The cap and trade system included in the energy bill is an unregulated market based system, susceptible to gaming by Wall Street. A cap and trade system sets pollution limits (the “cap”) and doles out allowances that can be bought and sold to meet the targets (the “trade”). Carbon credits can be sold as “futures contract” meaning, the carbon credit is sold at a certain price, on a specified date. This is a form of “derivative.” We can look forward to carbon offset derivatives futures tranched into collateralized debt obligation insured by credit default swaps mimicking the recent mortgage trading by AIG and others.Furthermore, the bill includes a provision for “offsets.” Offsets allow polluters to forego any meaningful change in behavior in the U.S. by investing in projects in developing countries. Most studies show offsets are dubious and difficult to verify.
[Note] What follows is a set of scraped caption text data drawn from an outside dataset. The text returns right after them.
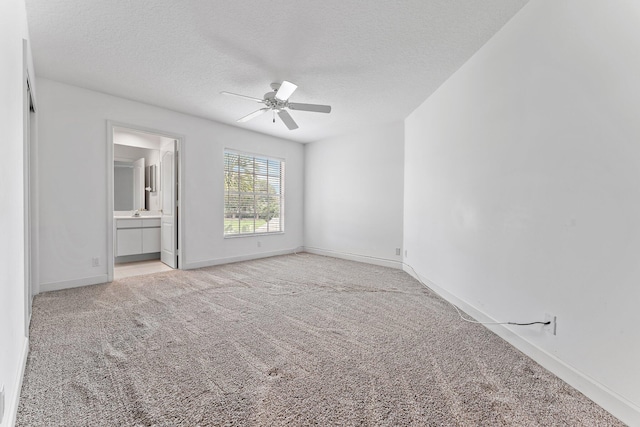 carpeted spare room with a textured ceiling and ceiling fan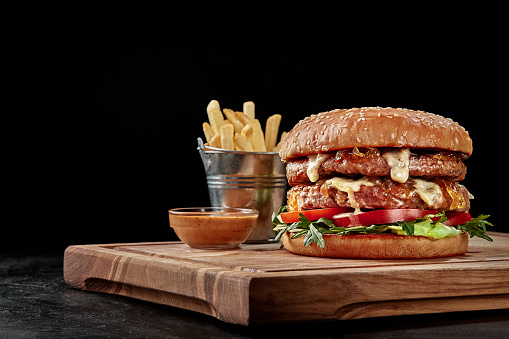Closeup of appetizing double hamburger with two juicy patties, caramelized onion, fresh tomato and greens in fluffy sesame seed bun served on wooden board with fries and sauce. Fast food concept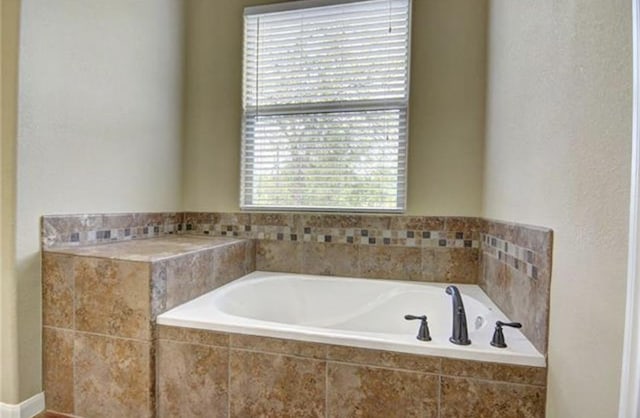 bathroom with a bath
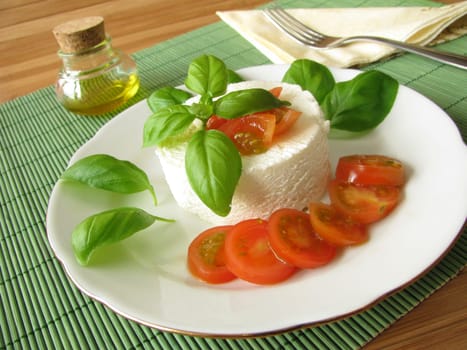 Goat's cream cheese with tomatoes and basil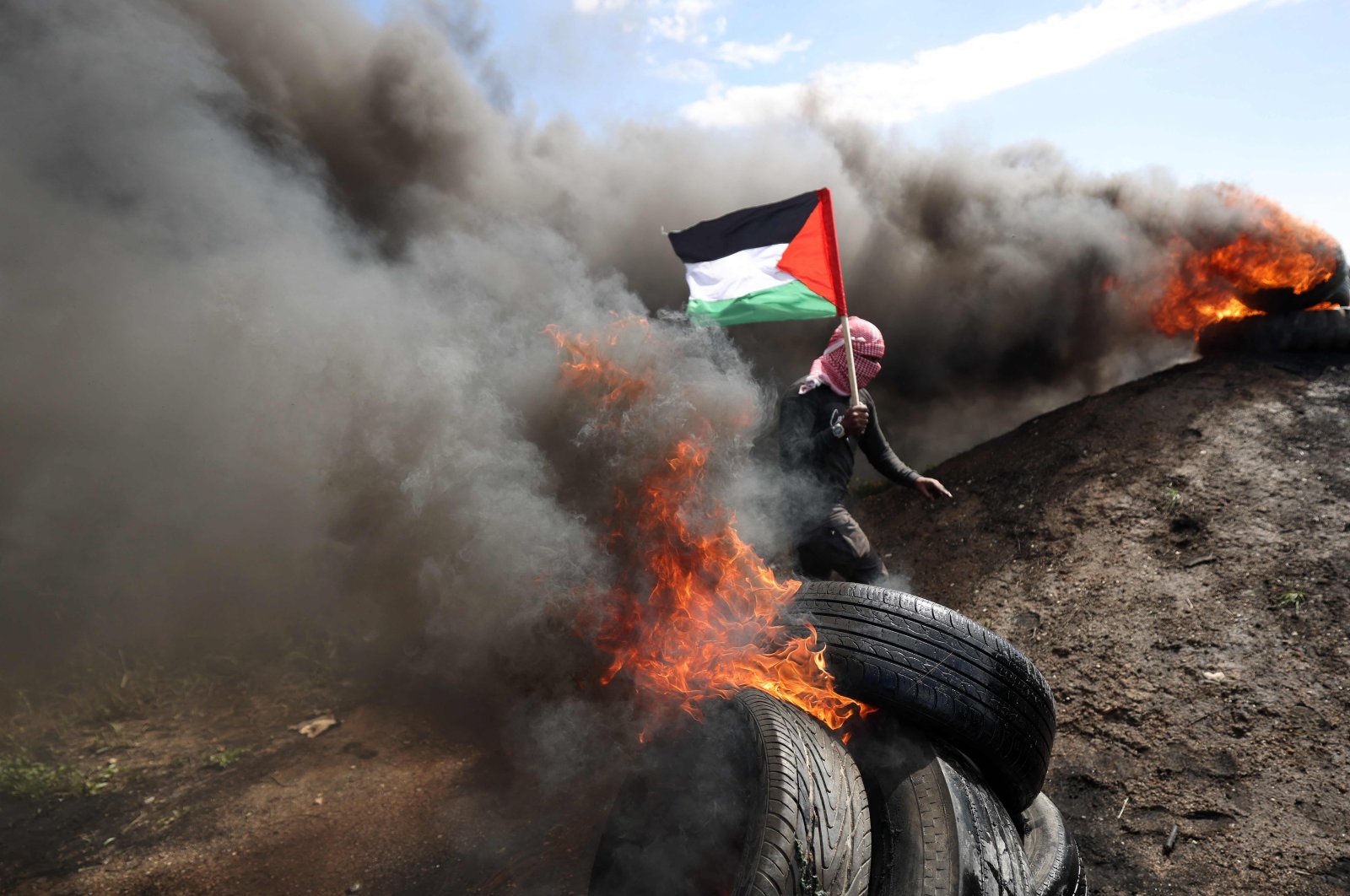 A Palestinian holds a national flag during a small protest against an Israel-Palestine meeting in Egypt, east of Gaza City, Palestine, March 19, 2023. (AFP Photo)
For example, a report by David Victor, the head of Stanford University's Energy and Sustainable Development Program, found that "between a third and two-thirds" of offsets used in the European cap-and-trade market do not represent actual emissions cuts. In fact, in 2005-2007 Europe emitted more carbon and added $60 billion in costs by trading carbon.
Finally, cap-and-trade doesn’t go far enough to protect consumers against rising energy costs. If the bill had at least auctioned allowances, a U.S. cap-and-trade market could have raised $846 billion by 2020. We could have used this revenue to protect consumers, invest in clean energy technology, and move toward energy independence. Instead, the allowances in a U.S. cap-and-trade will be given away to polluters for free. DeFazio proposed an amendment to fix this short fall, as well as other failing in the bill but, unfortunately they were left out of the legislation.
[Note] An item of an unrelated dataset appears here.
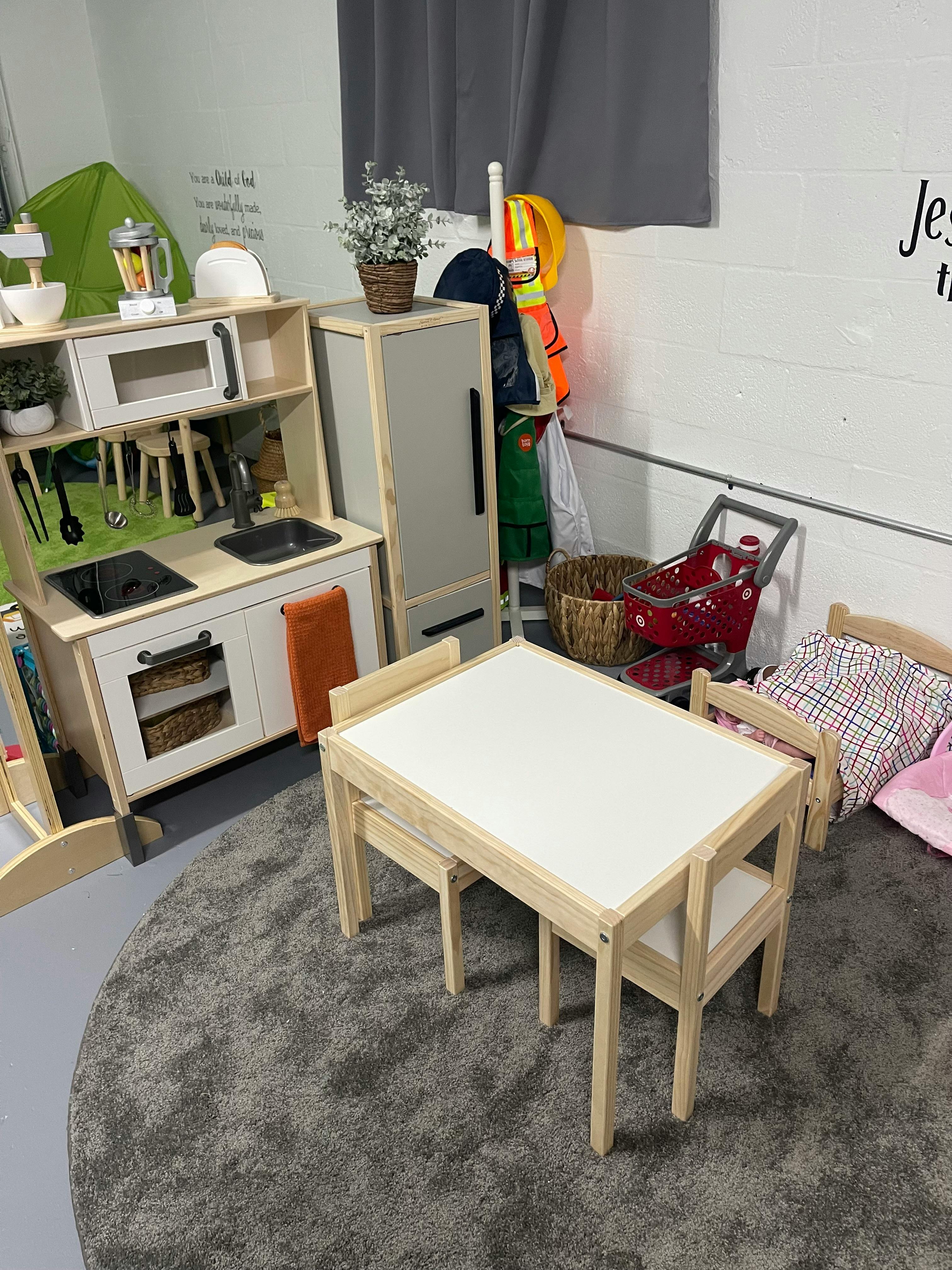 Play kitchen and small table with chairs in a room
DeFazio instead favors a regulatory approach similar to the Clean Water Act and the Clean Air Act. Under DeFazio’s plan, the US would set a strong cap, inventory pollution sources, issue permits, and fine polluters who don’t meet their targets. The Clean Water Act and the Clean Air Act are two of the most successful environmental laws in history. In fact, under court order, the Environmental Protection Agency (EPA) has begun the process to regulate green house gas emissions under the Clean Air Act. Remarkably, the Markey-Waxman bill specifically prohibits the EPA from going forward with those regulations.
Finally, it is essential to evaluate any legislative proposal by its economic effects on the Pacific Northwest. Unfortunately, this bill disadvantages the Pacific Northwest and unfairly punishes our region’s low carbon emissions footprint. The Pacific Northwest is blessed with low cost zero emission hydroelectric generation. To my dismay, a provision was added just days before the vote that would redirect the carbon allocations from the Pacific Northwest to the dirty coal burning Midwest states.
“A regulatory program would not require Congressional approval meaning we would begin to reduce emissions immediately, no Wall Street speculators and hedgers, no carbon market or new derivatives market, no giveaways to polluters, no complex and unverifiable ‘international offsets,’ and no uncertainty about meaningful emission reductions,” DeFazio said. “I am deeply saddened that this approach was not considered and instead, the House has voted to create the next financial instrument of mass destruction, a trillion dollar carbon trading bubble for Wall Street.”